Image via the Historical Society of Pennsylvania,
A portion of the Coaquannock Map.

Today’s Native American population in Philadelphia stands at a mere .36 percent, yet the region was once home to the Lenape (translated as “Original People”), a flourishing community, writes Amy Cohen for hiddencityphila.org.

Now there’s a map on display at the Museum of Indian Culture in Allentown showing how the land looked before Europeans drove them from Pennsylvania to Oklahoma.

Since January 2020, the museum has operated a Historic Preservation Office to help members of the Lenape, also known as the Delaware Nation, connect to their ancestral land.

The Coaquannock Map was published in 1934, as a Works Progress Administration project.

The map, gifted to the Delaware Nation, identifies the Philadelphia region as Coaquannock, “Grove of Tall Pines,” when the area was first seen by white men.

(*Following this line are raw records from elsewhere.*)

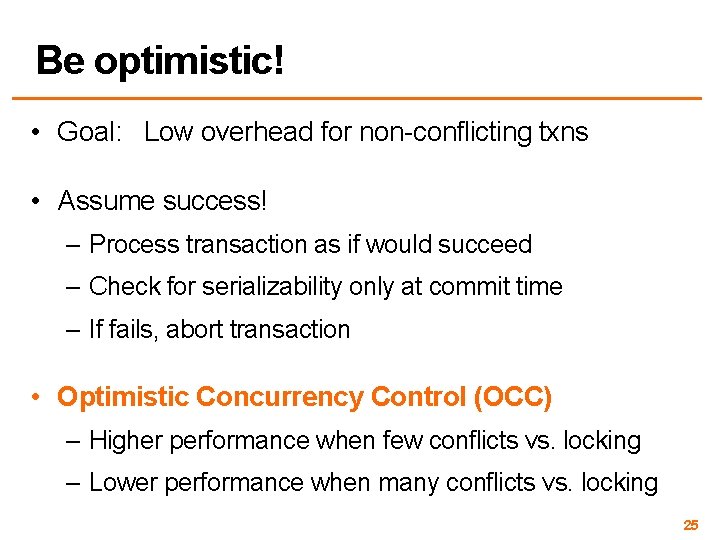 Be optimistic! • Goal: Low overhead for non-conflicting txns • Assume success! – Process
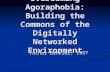 Overcoming Agoraphobia: Building the Commons of the Digitally Networked Environment Yochai Benkler, 1997.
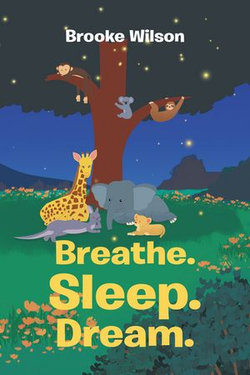 Breathe. Sleep. Dream.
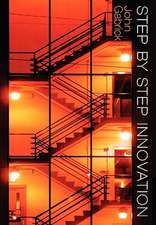 Step by Step Innovation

It contains Indian villages, and aboriginal names of localities, streams and islands. 

The Lenape were the first Native Americans to interact with the 17th Century Dutch, Swedish and British settlers.

The map shows a Native American man making wampum, a woman grinding corn with her baby sleeping nearby in a papoose and several men paddling a canoe. Others are in small wigwam villages.

Familiar names like Passyunk, Arronemink, Manayunk, and Wisahickin can also be found.